Although most Ivorians are employed, they struggle to find jobs that provide decent sustainable incomes. An average worker earns 120,000 FCFA or $200 per month, which is lower than the average in Sub-Saharan Africa.

  • Posting an economic growth rate of almost 9% in 2015, Cote d'Ivoire’s growth rate is among the highest in Africa.
  • The economic outlook for Cote d’Ivoire is expected to remain quite positive in the short and medium terms, provided the external environment remains favorable and the authorities manage the risks associated with their ambitious investment policy.
  • Cote d'Ivoire must now ensure that this growth is more equitable, and can do so by fostering favorable conditions to quality employment creation for the majority of its population.

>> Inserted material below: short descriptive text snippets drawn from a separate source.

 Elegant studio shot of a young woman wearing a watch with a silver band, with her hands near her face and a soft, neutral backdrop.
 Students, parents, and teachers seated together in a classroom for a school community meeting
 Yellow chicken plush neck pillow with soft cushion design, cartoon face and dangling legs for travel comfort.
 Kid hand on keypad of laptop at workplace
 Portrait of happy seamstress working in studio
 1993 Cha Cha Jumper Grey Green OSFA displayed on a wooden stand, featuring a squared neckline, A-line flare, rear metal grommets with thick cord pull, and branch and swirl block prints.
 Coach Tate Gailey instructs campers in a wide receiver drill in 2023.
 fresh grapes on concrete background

ABIDJAN, December 17, 2015—The Ivorian economy remained robust in 2015. Growth held steady at around 9%, supported by public and private investments and by the rapid growth in the building and public works and transport sectors, as well as in finance. This transformation is visible to anyone visiting Abidjan, with its impressive number of cranes, cars, and banks. However, Cote d'Ivoire must now tackle the challenge of shared growth, considering that this sound performance is not being reflected in a significant decline in the poverty rate or in higher incomes for the population living below the poverty line. The income gap between the poor and the rest of the population remains high, reveals a new report on the economic situation in Cote d’Ivoire, published this week by the World Bank.

In the report entitled “The Might of the Elephant─Benefitting from Strong Growth to Create Better Jobs” (La force de l’éléphant, pour que sa croissance génère plus d’emplois de qualité), World Bank economists recommend boosting productivity in the three main employment categories: self-employment, wage employment, and agricultural employment.

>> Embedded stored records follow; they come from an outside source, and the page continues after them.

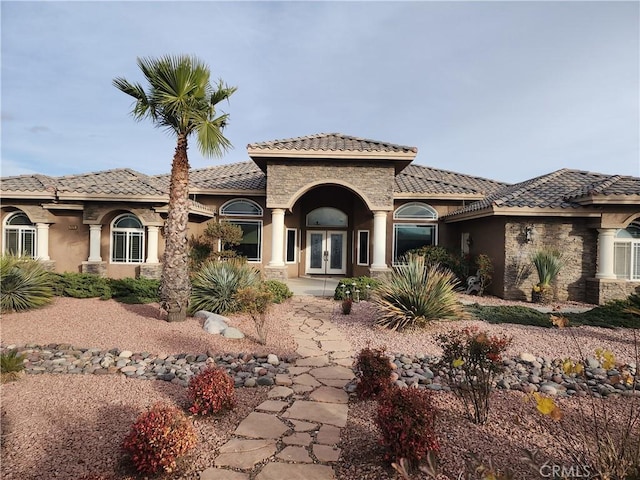 mediterranean / spanish home with french doors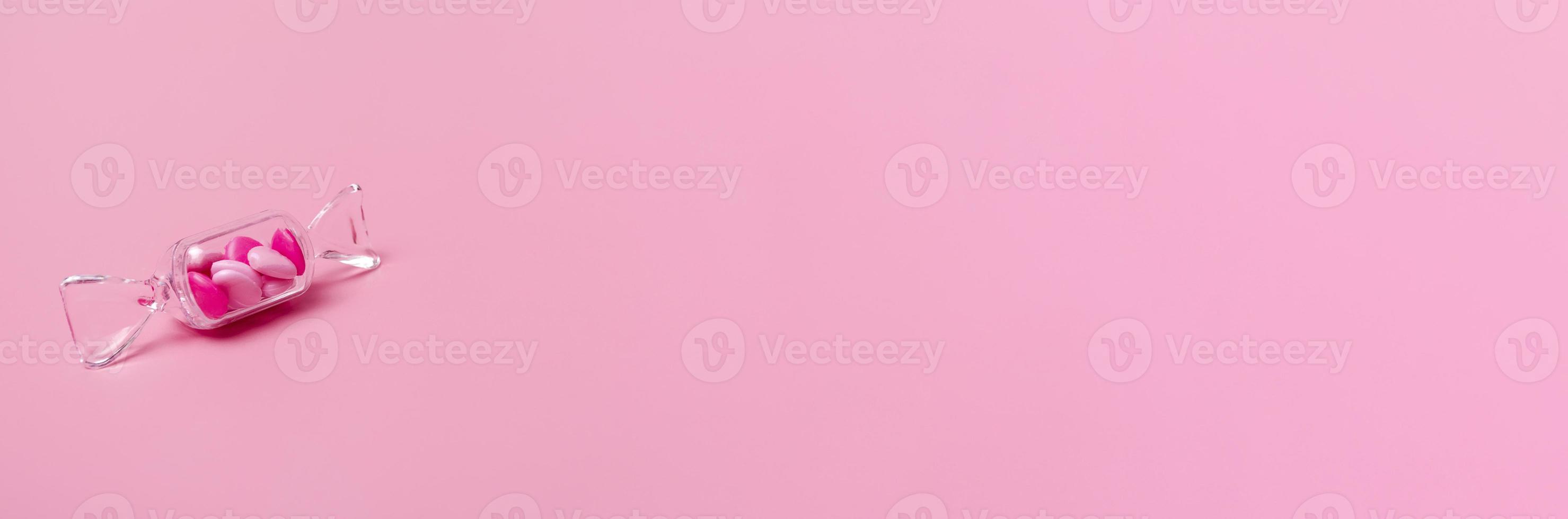 Transparent box in the shape of a candy with sweet heart lollipops on a pink background copy space. Banner photo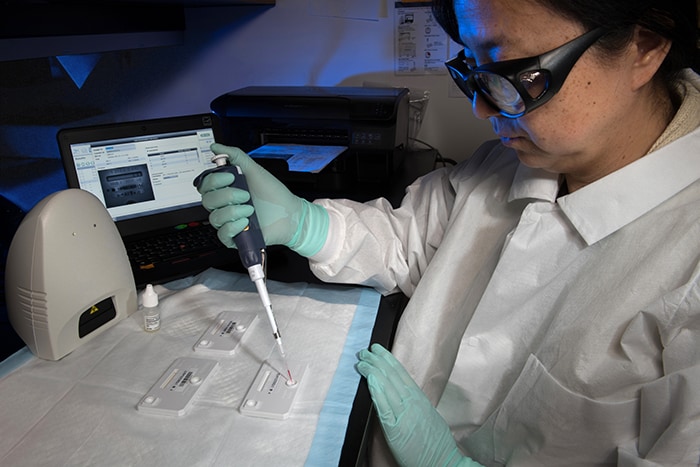 photo of a person in a laboratory performing tests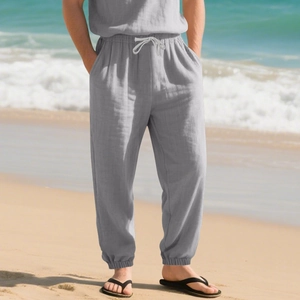 Detail of grey linen trousers with drawstring elastic waistband and ribbed ankle cuffs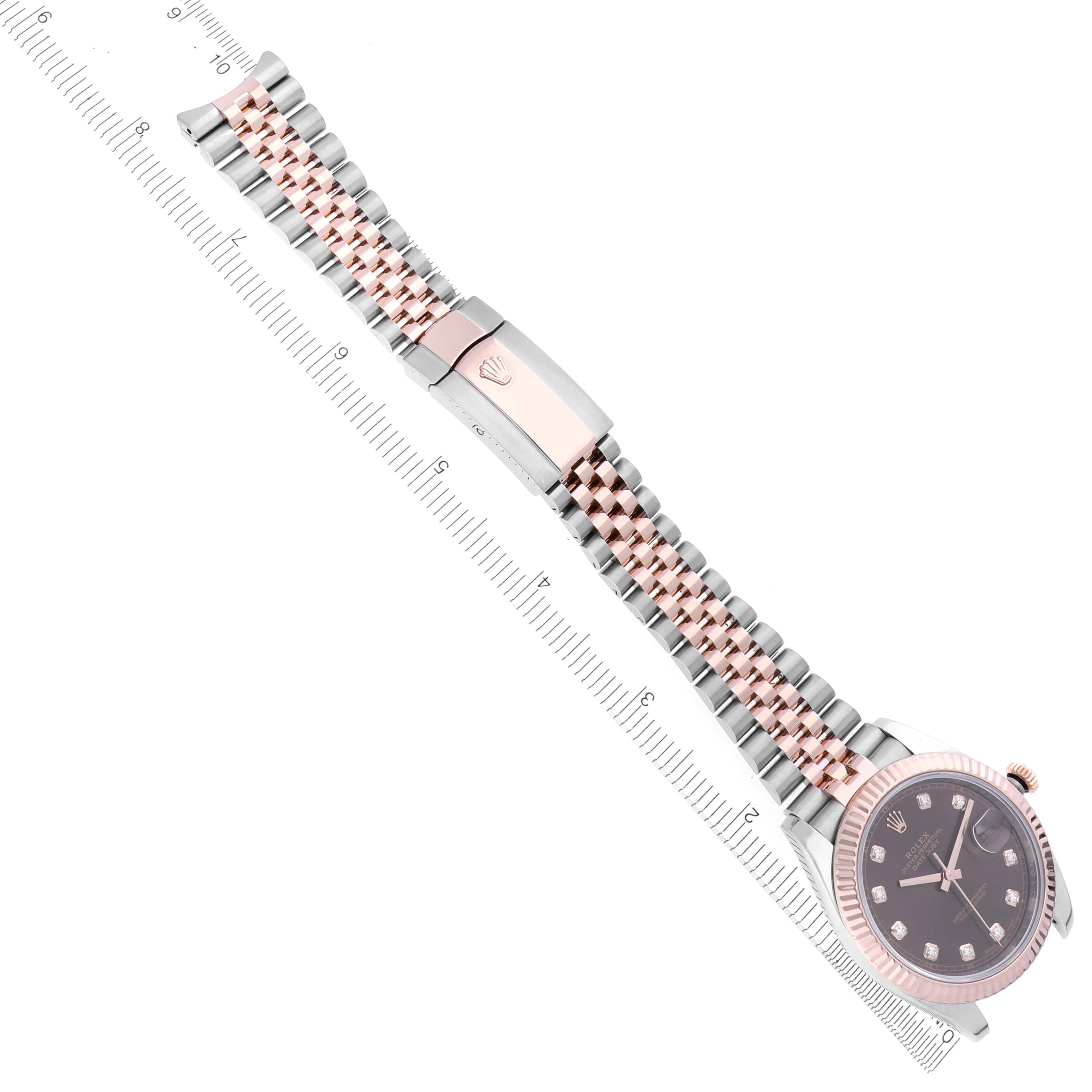 The Rolex Datejust 41 126331 Men
s Steel and Gold (two tone) Brown Dial 126331 Men
s Steel and Gold (two tone) Brown Dial is shown from a top-down angle, displaying the watch face, bracelet, and clasp with a ruler for scale.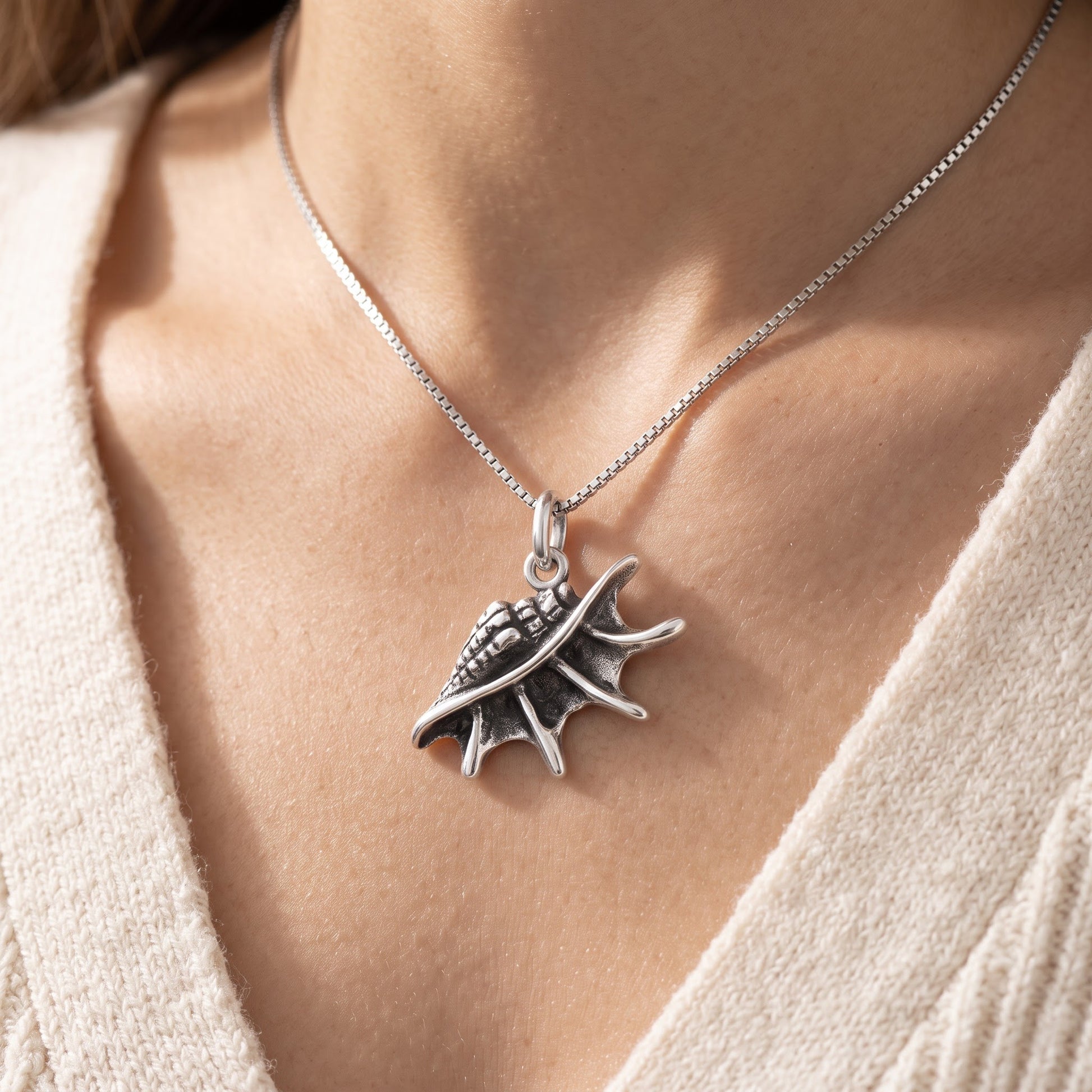 Sterling Silver Conch Shell Necklace, 18" worn, lifestyle photo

Quality employment with decent wages will be essential to bridging the gap between the rich and the poor in Cote d’Ivoire.

“The main economic challenge facing Cote d'Ivoire is the promotion of a shared economic growth that guarantees higher incomes for the population living below the poverty line, and narrows the income gap between the poor and non-poor. However, the rapid growth posted in recent years has not yet translated into a significant decline in poverty,” notes Jacques Morisset, Program Leader at the World Bank and co-author of the report. The report cites a myriad reasons for this phenomenon, which is mainly due to the dearth of quality jobs, in particular for the majority of Ivorians who are either self-employed or employed in a family business with no career development prospects.

Are jobs available? Yes, but they are far from productive.

The report notes that the extractive, finance, and communications sector are making a significant contribution to economic growth. However, they generate few jobs and have little direct impact on the vast majority of Ivorian households. Prior to the 2014-2015 period, the agricultural sector was less productive than other sectors, despite the fact that is employs the majority of Cote d’ Ivoire’s poor. The recent upturn in this sector is expected to lead to a sharp decline in rural poverty, owing in particular to the 17% increase in the farmgate price of cocoa in October 2015. Prices nevertheless remain dependent on international markets, where fluctuations continue to adversely affect the living conditions of producers.

Cote d’Ivoire has a large working-age population, the vast majority of whom are employed. 93% of working-age Ivorians report that they are employed, and the report notes an unemployment rate of just 7%. However, while the unemployment rate is extremely low relative to the rates observed in industrialized countries, young graduates are still struggling to make a decent living. This relatively low unemployment rate is explained in part by the use of statistical categories that are not adapted to the prevailing situation in Africa. It can also be attributed to the fact that unemployment is a “luxury” that few Africans can afford. They have to earn a living, even from small jobs that offer no job security, as unemployment benefits are not available in Africa.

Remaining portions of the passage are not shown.